L'Union européenne avait lancé un appel en ce sens au printemps, soutenu par la présidence émiratie de la COP28 puis successivement par les pays du G7 et du G20 (80 % des émissions mondiales de gaz à effet de serre). « Avec cet objectif mondial, on envoie un message très fort en direction des investisseurs et des marchés financiers. On montre le sens de la marche. Et c’est pour eux une façon de ‘dérisquer’ leurs investissements parce qu’ils savent que le monde entier se dirige vers cet objectif », a indiqué la présidente de la Commission européenne Ursula von der Leyen à Dubaï. « Il y a des arguments très convaincants en faveur des renouvelables, parce qu’une fois installées, elles peuvent produire une énergie propre et locale. Donc cela vous rend indépendant et elles sont moins chères que les énergies fossiles », a-t-elle argumenté.

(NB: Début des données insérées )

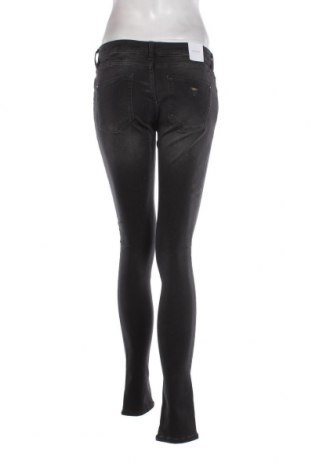 Damen Jeans Guess, Größe M, Farbe Grau, Preis 47,88 €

Au cours de cette conférence, 50 groupes pétroliers ont lancé une « Charte de la décarbonation du pétrole et du gaz ». Une initiative qui ne trompe pas grand-monde. Représentant 40% de la production mondiale, ces entreprises, dont 29 nationales, se sont engagées à décarboner leurs opérations de production d'ici à 2050, a annoncé samedi la présidence émiratie de la COP28. Cette « Charte de décarbonation » concerne seulement les émissions de gaz à effet de serre produites par les opérations d'extraction et de production. Elle n'englobe donc pas le pétrole qu'elles vendent. Donc le CO2 émis lors de l'utilisation du pétrole et du gaz – par le transport routier, la construction, pour le chauffage, la fabrication de plastique etc... – n’est pas comptabilisé. Or, ce secteur représente entre 80 à 95% des émissions, selon l’Agence internationale de l’énergie. Dans un rapport paru en septembre, l'Agence internationale de l'énergie (AIE) estime que le déploiement mondial de technologies clés telles que les énergies renouvelables, les véhicules électriques et les pompes à chaleur, est si rapide que la demande de charbon, de pétrole et de gaz naturel devrait atteindre son maximum d'ici à 2030. L’Agence réaffirmait alors qu’« aucun nouveau grand projet d'extraction de pétrole et de gaz, aucune nouvelle mine de charbon, ni même un agrandissement de mine ou de centrale à charbon ne sont nécessaires ».